Since the 2008 financial crisis, the notion that investors often behave irrationally has become axiomatic. What's more controversial is whether money managers can avoid making — or even exploit — the mistakes of the investing masses.
Jeff Schwarte was in a quandary. The manager of the $3.5 billion Principal Large Cap Value Fund had held a big stake in Apple stock since 2004. Eight years later, in mid-2012, his analysts remained bullish on the stock. But since the start of that year, the algorithms in Mr. Schwarte's quantitative valuation models had warned that Apple's profit margins were shrinking.
As Mr. Schwarte weighed the evidence, he got an e-mail about his Apple stake from behavioral finance consulting firm Cabot Research. It was an automated alert about positions that Cabot — which Principal Funds had hired to analyze manager portfolio holdings and trades for behavioral flaws — sends about positions that might indicate a bias. In this case, Mr. Schwarte said, his analysts had fallen victim to "the endowment effect": Someone with a winning position is reluctant to let it go even if there are good reasons to do so.
So he trimmed his stake in Apple. Since June 30, 2012, Apple's stock price has declined from $584 to $543, or 7%. During the same period, the S&P 500 has risen 39%. “Our models were quicker to identify the problem than our analysts were willing to accept,” said Mr. Schwarte.
Since the 2008 financial crisis, the notion that investors often behave irrationally has become axiomatic. What's more controversial is whether money managers can avoid making — or even exploit — the mistakes of the investing masses.
Cabot has worked with managers running a total of some $600 billion to overcome their biases, detecting patterns of harmful behavior from past trades and identifying stocks that might fit the pattern. “The vast majority of managers have one bias that is costing them at least one percentage point of return a year,” said Michael Ervolini, Cabot's chief executive.
Becoming emotionally invested in your winners, that endowment effect, is the most common bias among professional investors, occurring in one in four portfolios, he said.
NO REGRETS
Then there's what happens when managers find a good investment but are afraid to buy too much of it, in case they're wrong down the road. They establish a tiny position that allows them to pat themselves on the back if they're right and avoid big regrets if they're wrong.
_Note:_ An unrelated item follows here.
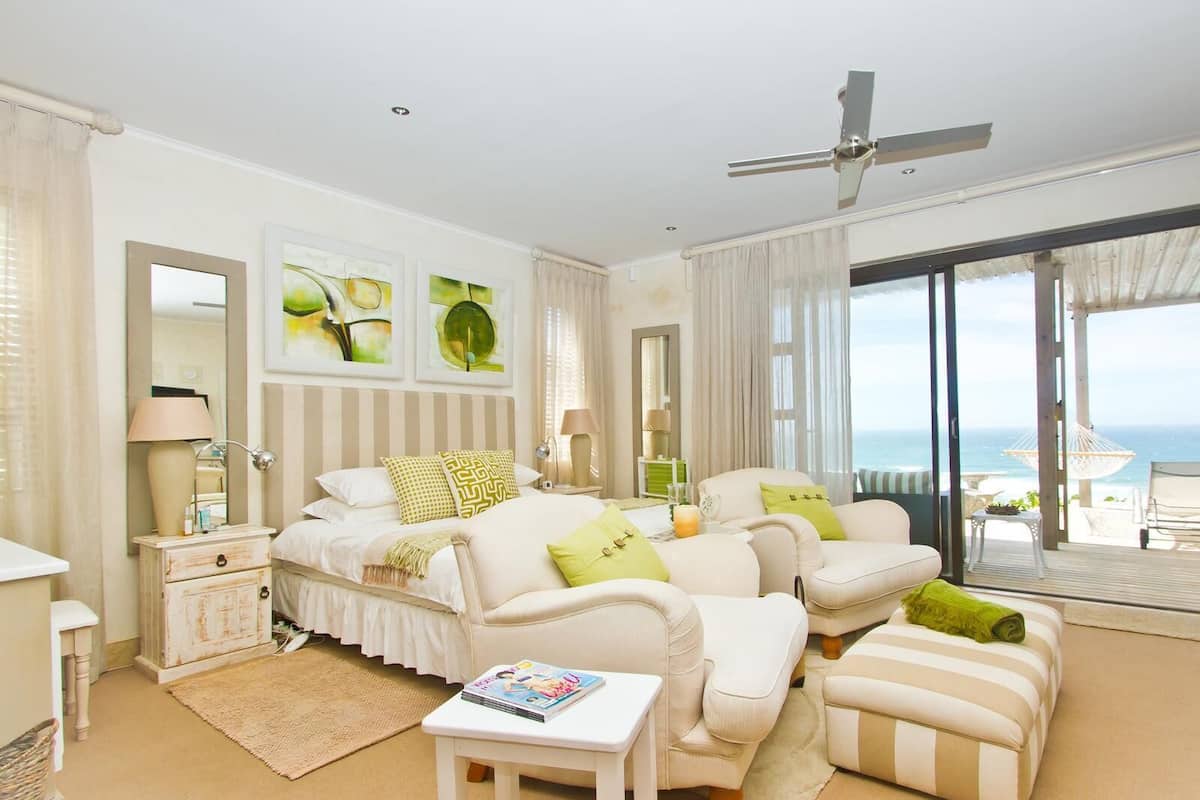 A spacious bedroom with a large bed, a sofa, a small table, and a view of the ocean through large sliding doors.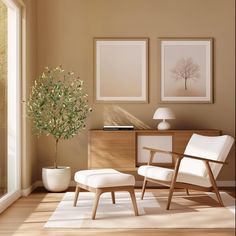 a living room with two framed pictures and a plant in the corner next to a chair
That's called regret aversion, and it occurs in one in six managers.
The most common bias among individual investors, Cabot finds, is the rarest among the pros: loss aversion, or holding on to losers too long. The emotion behind loss aversion is pretty basic — it's the pain of accepting that you've made a mistake. Instead of acknowledging that to yourself, you hold on to the asset in the hope that it will rebound. Managers have a greater incentive to get rid of their losers faster than individuals do, because when they report holdings to shareholders, they'll have to confront that losing position.
While Cabot helps managers avoid errors, some professionals seek to profit from others' behavioral mistakes. J.P. Morgan Asset Management runs some $20 billion in U.S. stock mutual funds and institutional accounts that use behavioral finance to exploit other investors' goofs. All but one of its seven Intrepid funds that use this strategy have beaten their peers over the last 10 years.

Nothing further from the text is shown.